“We need a resolution. We have so much confusion.” – Aaliyah
It’s another week, and another shameful, avoidable tragedy. After all, it’s Nigeria. But it doesn’t have to be that way. This time, it’s Kaduna, at the popular School of Forestry Mechanization, in Afaka, a little after the area called Mando. Many students were taken by armed kidnappers, most of them female. At the time of writing this, there’s been no contact with the terrorists who took the poor, innocent students. This is not quite long after the Kagara mass abduction in Niger State, and that of Jangebe in Zamfara State, all with bloodthirsty ‘bandits’ invading schools and forcefully taking away students, and even staff.
Of course, all the usual theatrics were employed, all after the fact. The remaining students were whisked to a military facility, and a new spin to the story was deployed, with the police keeping mum all the while. Business as usual, one might say. But for how long can we continue to be a nation of reactionary people? When can we begin to be proactive? I say this because the school in Kaduna has been wide-open prone to attacks for a while now. I say so because three years ago I was attacked by armed ‘bandits’, or would-be kidnappers really, as I plied the road beside the same school as a shortcut. After I survived that attempt, and lived to tell the tale, I understand many other incidents followed, prompting military checkpoints to be set up on the road.
What happened to those checkpoints? I don’t know, but it would be interesting to know why such an important presence at a place proven to be dangerous, is not maintained. While it is ridiculous that a school within close proximity to the city – or the Nigerian Defence Academy (NDA) for that matter – is being attacked, we should avoid a narrative I see slowly creeping up.

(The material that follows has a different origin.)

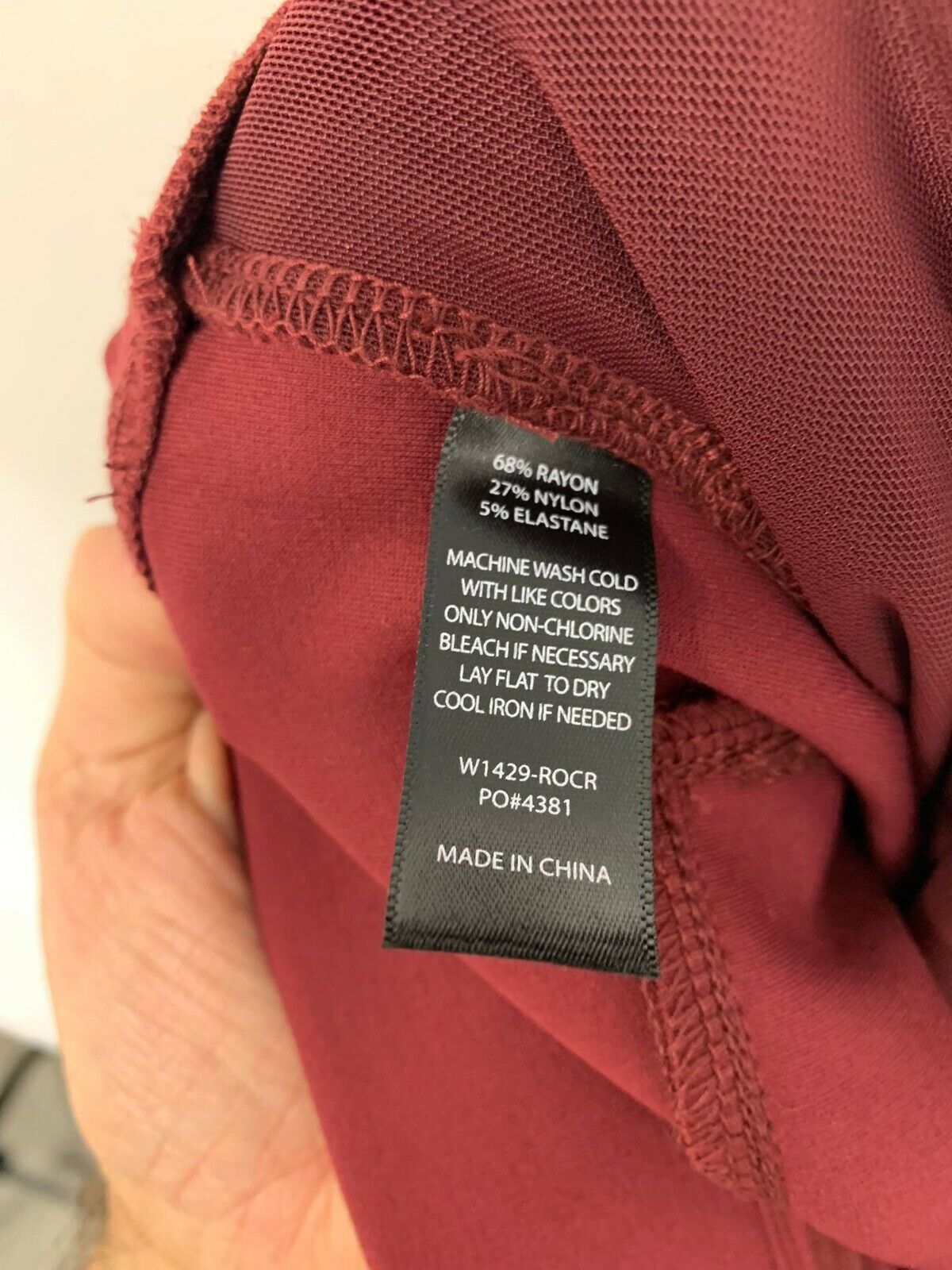 Betabrand Womens PM Sangria Wine Red 7 Pocket Dress Pant Yoga Pants Straight Leg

That’s the one that suggests that attacks like that shouldn’t happen so close to the NDA. But let’s ask: Is it the academy that’s tasked with securing the area, or the police? In any case, the attack didn’t happen in the academy. But I digress.
This is the kind of failure that triggers people to declare all kinds of things against the government. Misguided as they are – sometimes even silly – you can’t help but empathize with them. People are tired, especially when something as basic as security is not available, for whatever reason. It is quite obvious, that the powers-that-be need to sit down again, more seriously this time, and brainstorm a resolution that will have us feeling safe once more. We need all of the answers, and none of the questions.

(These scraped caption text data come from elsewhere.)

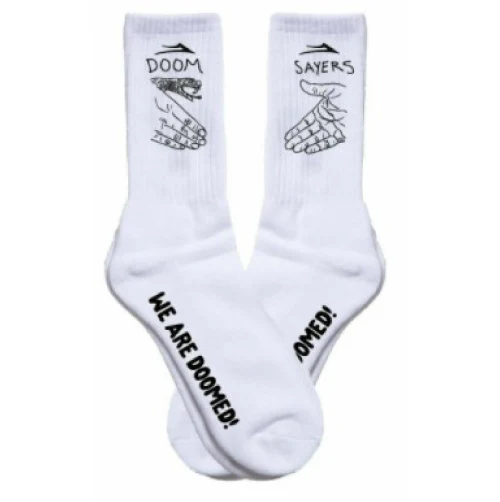Lakai X Doomsayers Crew Socks White
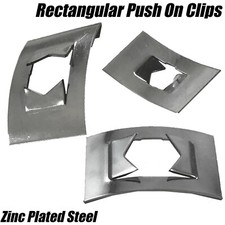 Metric Zinc Plated Flower Grab Washer Stud Steel Flat Rectangular Push On Clips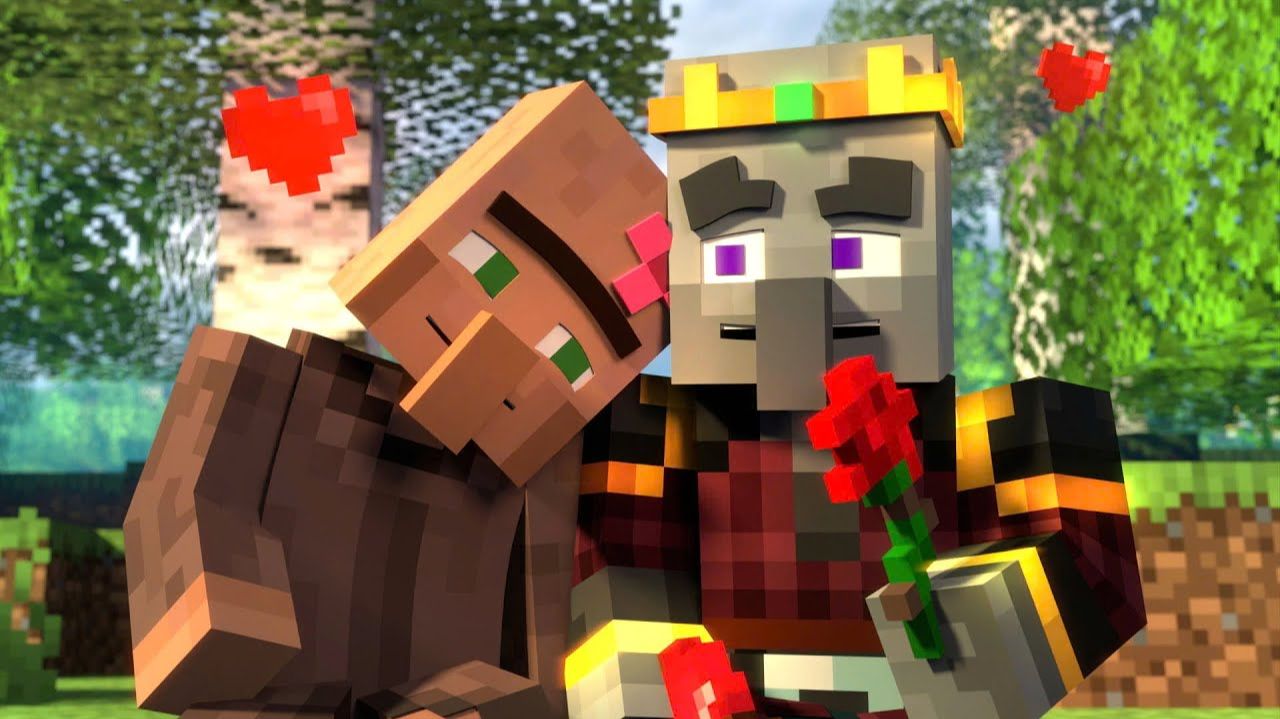МАЙНКРАФТ мультик  ИСТОРИЯ ЛЮБВИ ЖИТЕЛЯ ДЕРЕВНИ анимация - новое Видео Minecraft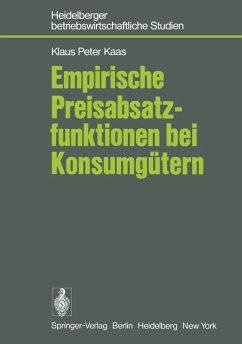 Cover Empirische Preisabsatzfunktionen bei Konsumgütern (eBook, PDF)
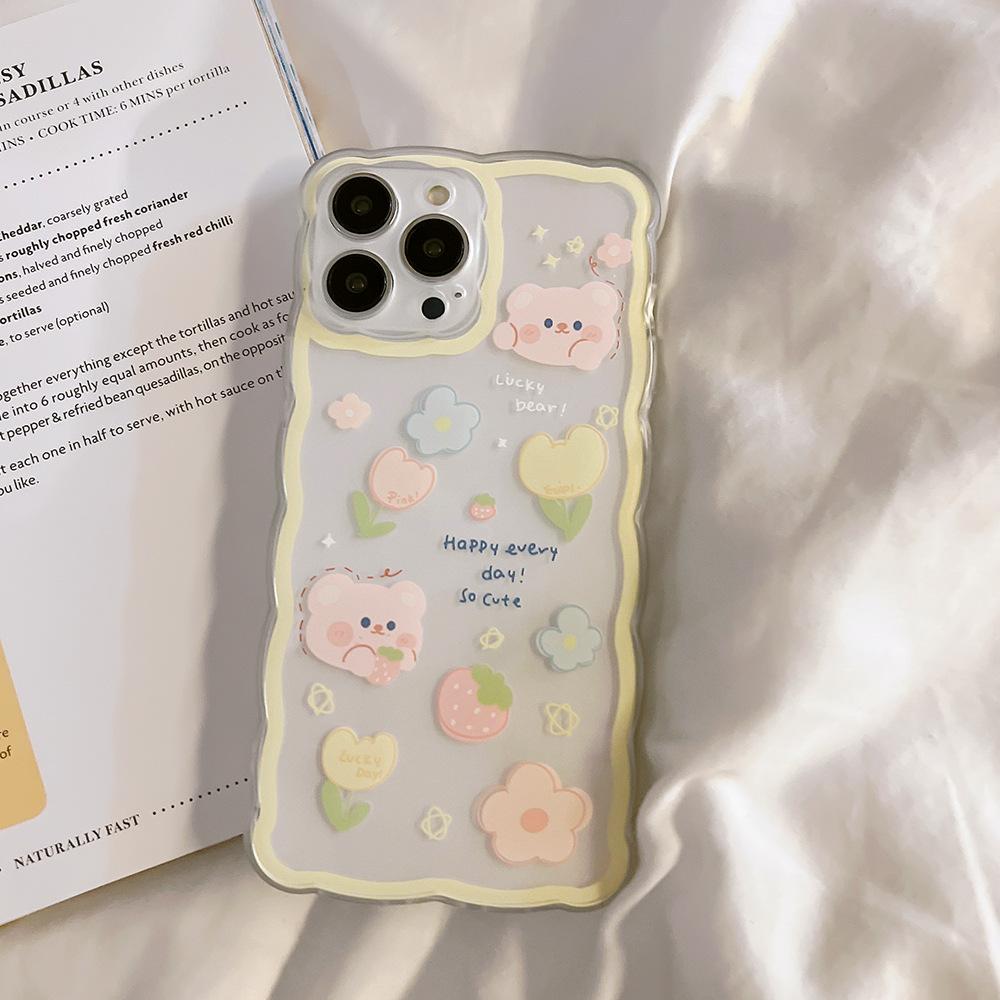 Cute Cartoon 13 for IPhone15 for Apple Phone Case 16 Transparent 12 Simple Xr Female 14promax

Speaking of questions, one that I should be pardoned for having is, where is the good Sheikh Gumi? While his weird comments about the Nigerian military and his angling for negotiations and amnesty for the terrorists finally began to rub me the wrong way, I don’t think it would be out of place to involve him in getting back the victims in one piece. That’s the kind of thorny position one is bound to find himself when one sticks his neck out for groups like those of the ‘bandits’. As weird as that is, there’s even more ridiculous stuff happening elsewhere, in other states. I won’t mention Zamfara, because what’s going on there is like a complex movie script, and material for an entire column, on another day.
That means I have to look at other places, like my very own Niger State, where the governor is offering to arm ‘vigilantes’ with pump action rifles. The solution to arms proliferation, apparently, is to give more arms to people not officially engaged or trained by the government for law enforcement, or protection of lives and property. I don’t want to believe I’m the only one who thinks it’s all rather harebrained to even think of doing so, no matter how desperate the situation is. It’s a bit like having a fire problem, and pouring kerosene on the fire in a bid to quench it. Fine, the governor is in dire straits, but let reason prevail. There already are too many gun-wielding psychopaths in the state, kidnapping and terrorizing people. No need to add to their number.
The amount of epic buck-passing that follows any similar national tragedy is almost as tragic to observe as the main tragedy itself. I want to point out that it’s the duty of the police before anyone else to secure lives and property of Nigerians. But they’ve gotten complacent since the military has picked up the slack regarding the ongoing insurgency, hence the narrative that the Kaduna incident shouldn’t have happened ‘right in front of the NDA’. So what? Don’t the police have checkpoints nearby? All of us Nigerians need to take responsibility when it’s time to do so. Whether it’s the Army, Air Force, Navy, Police or even Civil Defence: Do your job. What this country needs is not the much-touted – and frankly ridiculous – revolution. What we need is a resolution.